COVENTRY AIRPORT AND ITS ‘PROPLINER’ ASSOCIATIONS
ACE Freighters Lockheed L-749A Constellation G-ANTF attracting the gaze of onlookers at Coventry Airport during an early visit in 1964.
When Coventry Airport closed down to flying operations on December 8 2009, it was described by the business editor of the “Birmingham Post” as the final nail in the airport’s coffin. One certainly hopes that this pessimistic statement is not the case, however, as Coventry Airport boasts a richer ‘propliner’ heritage than many more major airports in the UK.
It all began in 1935 when 231 acres of land at Baginton were leased to the Coventry-Warwicks Aero Club for use as an airfield. Layout of the new facility began in the autumn, and in May 1936 the first trial landings were made by a club aircraft. During the latter part of the decade, the area was increased to 387 acres, whilst an adjacent site was leased to Armstrong Whitworth Aircraft, leading to the construction and test flying of countless Whitley and Lancaster bombers from Baginton. The airfield served as an operational fighter airfield during the Second World War, initially hosting No.308 (Polish) Squadron with their Hawker Hurricanes from September 1940 onwards. After the war, production and test flying of Meteor, Sea Hawk, Javelin and Hunter jets preceded the production of Armstrong Whitworth’s own Argosy freighter, by which time a 5,300’ long hard runway (06/24) had been laid. Baginton was also home to the two revolutionary turboprop-powered Apollo airliners built by Armstrong Whitworth and first flown on April 10 1949.

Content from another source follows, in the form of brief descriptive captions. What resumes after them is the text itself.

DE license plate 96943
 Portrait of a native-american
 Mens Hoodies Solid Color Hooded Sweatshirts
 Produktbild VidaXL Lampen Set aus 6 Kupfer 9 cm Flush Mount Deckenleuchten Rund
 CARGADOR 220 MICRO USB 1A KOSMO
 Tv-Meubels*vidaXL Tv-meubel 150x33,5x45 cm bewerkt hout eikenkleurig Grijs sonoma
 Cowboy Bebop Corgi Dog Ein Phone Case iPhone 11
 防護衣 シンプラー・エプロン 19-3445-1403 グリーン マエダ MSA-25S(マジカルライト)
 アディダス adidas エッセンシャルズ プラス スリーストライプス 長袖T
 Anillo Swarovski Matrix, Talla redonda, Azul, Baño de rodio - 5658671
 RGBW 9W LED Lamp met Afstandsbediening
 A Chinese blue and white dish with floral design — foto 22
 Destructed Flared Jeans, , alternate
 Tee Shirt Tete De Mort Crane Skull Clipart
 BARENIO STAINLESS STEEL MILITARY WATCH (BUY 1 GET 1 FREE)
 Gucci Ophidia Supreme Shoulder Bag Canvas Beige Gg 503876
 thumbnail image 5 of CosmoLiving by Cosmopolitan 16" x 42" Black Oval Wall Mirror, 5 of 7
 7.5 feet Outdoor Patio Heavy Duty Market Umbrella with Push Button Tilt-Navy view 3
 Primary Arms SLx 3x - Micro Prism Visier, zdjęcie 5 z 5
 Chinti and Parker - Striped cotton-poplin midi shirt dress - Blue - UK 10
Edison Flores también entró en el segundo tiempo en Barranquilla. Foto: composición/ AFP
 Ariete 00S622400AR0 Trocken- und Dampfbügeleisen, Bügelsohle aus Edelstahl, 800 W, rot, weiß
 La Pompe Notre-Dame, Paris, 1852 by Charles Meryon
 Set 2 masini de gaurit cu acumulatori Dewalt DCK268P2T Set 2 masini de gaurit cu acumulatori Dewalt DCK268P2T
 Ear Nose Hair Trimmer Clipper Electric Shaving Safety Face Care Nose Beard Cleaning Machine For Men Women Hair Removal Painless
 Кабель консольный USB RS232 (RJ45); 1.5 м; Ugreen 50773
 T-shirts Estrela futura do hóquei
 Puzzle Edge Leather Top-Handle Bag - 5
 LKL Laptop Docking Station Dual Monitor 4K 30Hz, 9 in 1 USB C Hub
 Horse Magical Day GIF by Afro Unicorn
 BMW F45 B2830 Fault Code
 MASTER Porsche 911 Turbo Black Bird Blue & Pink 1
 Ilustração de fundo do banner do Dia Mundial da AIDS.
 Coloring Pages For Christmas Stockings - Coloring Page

FIRST SCHEDULES LAUNCHED TO JERSEY
For ‘propliner’ enthusiasts after the war, the airfield saw occasional visits by charter aircraft, notably Rapides and Doves undertaking ad-hoc flights to the Channel Islands, northern France and the Isle of Man. With nearby Birmingham (Elmdon) Airport stealing much of the limelight, and being well served by British European Airways, Coventry stood little chance to compete commercially, and instead became a popular general aviation airfield. However, Don Everall Aviation opened a summer only scheduled service linking Coventry with Jersey in May 1954 using Dragon Rapides. Douglas DC-3s were introduced for the 1957 summer season, and at the height of the summer these aircraft flew three times weekly to Jersey carrying Coventry’s holidaymakers. Vickers Vikings were introduced for the 1960 summer season, with flights to Jersey now taking place on Friday evenings and Saturdays.
First based ‘propliner’ of any size was the Orion Airways Vickers Viking G-AHOS, which moved in from her initial base of Blackbushe on October 1 1957. Although Orion established maintenance facilities in one of the hangars at Coventry and operated occasional charters from the airport, most commercial work still originated from Blackbushe. However, the airline clearly had great plans for Coventry, and licence applications were lodged to open scheduled passenger services from Coventry to Jersey and Ostend, and all-freight services from Coventry to Antwerp, Düsseldorf and Rotterdam, but none of these routes were ever opened.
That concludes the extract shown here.